I agree that the terms "language" and "dialect" should be better defined (although controversy would exist in any case). The "languages" used in the game are sometimes more similar to language groups, and sometimes they are actual languages. For example, we have "Scandinavian" and "Baltic" languages, but Cisalpine is different from Italian, and Portuguese is different from Spanish (instead of one Iberian language). I think the developers previously mentioned that they didn't want to weaken some dialects by splitting them into full languages. However, since the size of languages already differs greatly, maintaining historical accuracy should be preferable, if it's possible to do so.
As for the difference between a language and a dialect, it is often controversial, but with the inclusion of court and market languages, it can come down to these criteria (which of course could be expanded or revised):
1) Whether the language was or could have been used in government, as the language of administration, laws, or legal documents (e.g., court language).
2) Whether the language was used in commerce, trade, and craftsmanship (e.g., market language).
3) Whether the language was standardized (whatever that means) and has grammars, dictionaries, other linguistic works, and high literature.

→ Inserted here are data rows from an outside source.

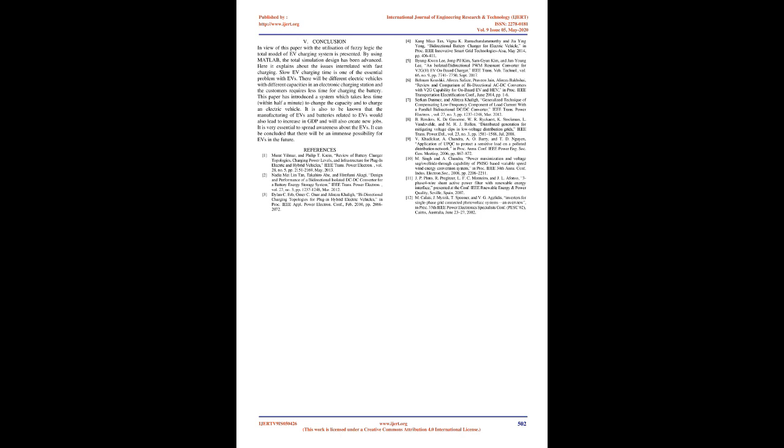It is also to be known that the manufacturing of EVs and batteries related to EVs would also lead to increase in GDP and will also create new jobs. It is very essential to spread awareness about the EVs. It can be concluded that there will be an immense possibility for EVs in the future.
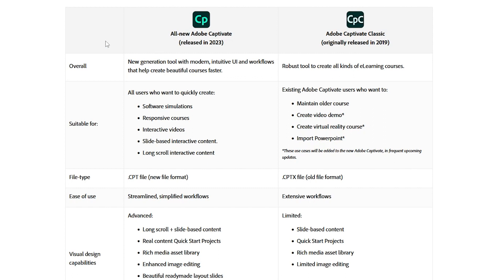Yes, that means in the all-new version of Adobe Captivate, version 12, you cannot open older course files. That has huge implications for organizations. This really brings up a lot of questions as far as, well, what can the new Adobe Captivate do that the old one can't?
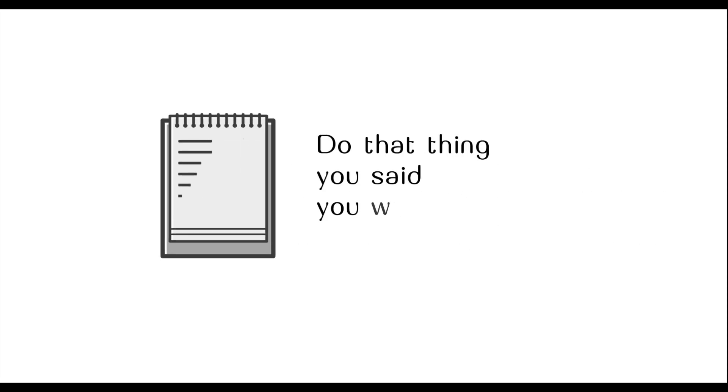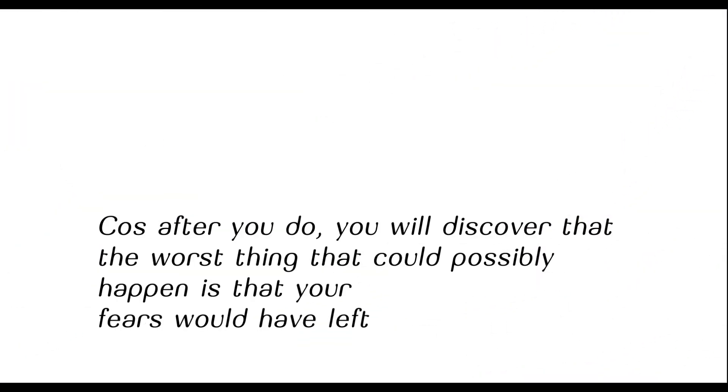Do the thing you said you would do one day. Because after you do, you'll discover that the worst thing that could possibly happen is that your fears would have left.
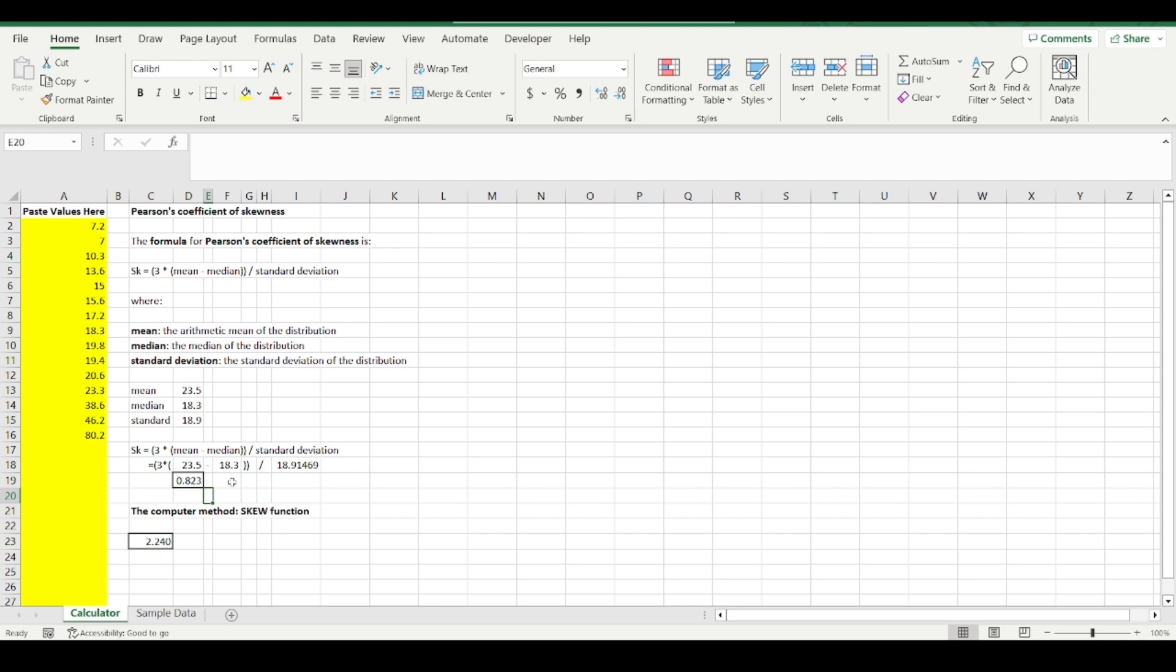If a distribution is positively skewed, it means that you have one or more larger values that are pulling the average above the median.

It’s hard to find a sphere of life where Ruthenian wasn’t used in the EU5 timeline (except for liturgy). Furthermore, the West Slavic language was recently split into Lechitic and Czechoslovak, so East Slavic should be split too if we want to be consistent.
As I have outlined, with those criteria every dialect will be split.
Low German was a market language
Swedish was used for lawmaking iirc
Middle Dutch has an entire article on Wikipedia of everything that was written on it
Venetian was a Lingua Franca in the sea.
I do think Iberian split to Spanish and Portuguese is a developer bias, and they should be merged. Italian feedback thread is arguing for uniting Cisalpine and Italian. And weakening is not only about the area.